Later in the day, I will visit St. Cyril’s to celebrate Mass for the Polish speaking community as they celebrate the anniversary of the Mass in Polish celebrated there. Father Ed Pietrucka, a Paulist Father fluent in speaking Polish, has served this community since the Mass was begun at St Cyril Parish.



Sister Elizabeth Ohmann

Please pray
For the soul of Sister Elizabeth Ohmann, 80, who died on Jan. 12 at St. Francis Convent, Little Falls, Minn.  Sister worked in our diocese for 20 years as an educator, organizer and activist with Border-Links and Humane Borders. According to an article published by the Franciscan Sisters of Little Falls, Sister Elizabeth  “used her gifts to ease the suffering of the migrants and to raise awareness of immigration policies that made it necessary for people to put themselves in life-threatening situations.
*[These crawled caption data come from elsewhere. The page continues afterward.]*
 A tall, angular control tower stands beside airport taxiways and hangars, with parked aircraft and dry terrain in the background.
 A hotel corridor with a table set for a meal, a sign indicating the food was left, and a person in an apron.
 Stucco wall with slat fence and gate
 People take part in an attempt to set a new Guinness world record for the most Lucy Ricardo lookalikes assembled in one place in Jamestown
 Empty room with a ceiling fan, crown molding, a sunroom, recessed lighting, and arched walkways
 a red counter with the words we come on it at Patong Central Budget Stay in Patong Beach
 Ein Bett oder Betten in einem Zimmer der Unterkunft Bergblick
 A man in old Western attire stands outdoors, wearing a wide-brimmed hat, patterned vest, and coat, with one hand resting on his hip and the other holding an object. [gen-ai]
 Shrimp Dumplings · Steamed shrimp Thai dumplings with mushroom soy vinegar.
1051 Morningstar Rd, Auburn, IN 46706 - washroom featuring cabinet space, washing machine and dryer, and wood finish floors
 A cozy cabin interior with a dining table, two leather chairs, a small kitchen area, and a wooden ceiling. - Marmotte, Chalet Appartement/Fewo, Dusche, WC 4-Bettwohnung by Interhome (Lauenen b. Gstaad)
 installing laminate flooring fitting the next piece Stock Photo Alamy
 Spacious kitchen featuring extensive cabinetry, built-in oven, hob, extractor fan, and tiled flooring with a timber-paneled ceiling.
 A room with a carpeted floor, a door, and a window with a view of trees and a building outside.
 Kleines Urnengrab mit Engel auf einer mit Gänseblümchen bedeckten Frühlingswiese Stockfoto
Whether dealing with Border Patrol, judges, immigration officials or critics of the programs, she spoke with confidence and quiet strength. Sister Elizabeth was universally respected and loved by those whom she served and with whom she ministered. Humane Borders recognized her as Volunteer of the Decade in 2010.”

During her ministry, Sister Elizabeth also volunteered to serve in Peru. Where “ her focus there was improving the lives of the poor in the Altiplano. She studied and learned the Aymara language in order to reach the women, most of whom did not speak Spanish. Returning to the United States, she served in administration at the Motherhouse. There, her concern centered on the needs of the elderly and infirm sisters.”


Survivors include John (Charlene), Greenwald; Reverend Daniel, Tanzania, East Africa; Janet (John) Haas, Tucson, Ariz.; sisters-in-law Erna, St. Paul, and Gloria, Pembina, N. Dakota; nieces, nephews and her Franciscan Community.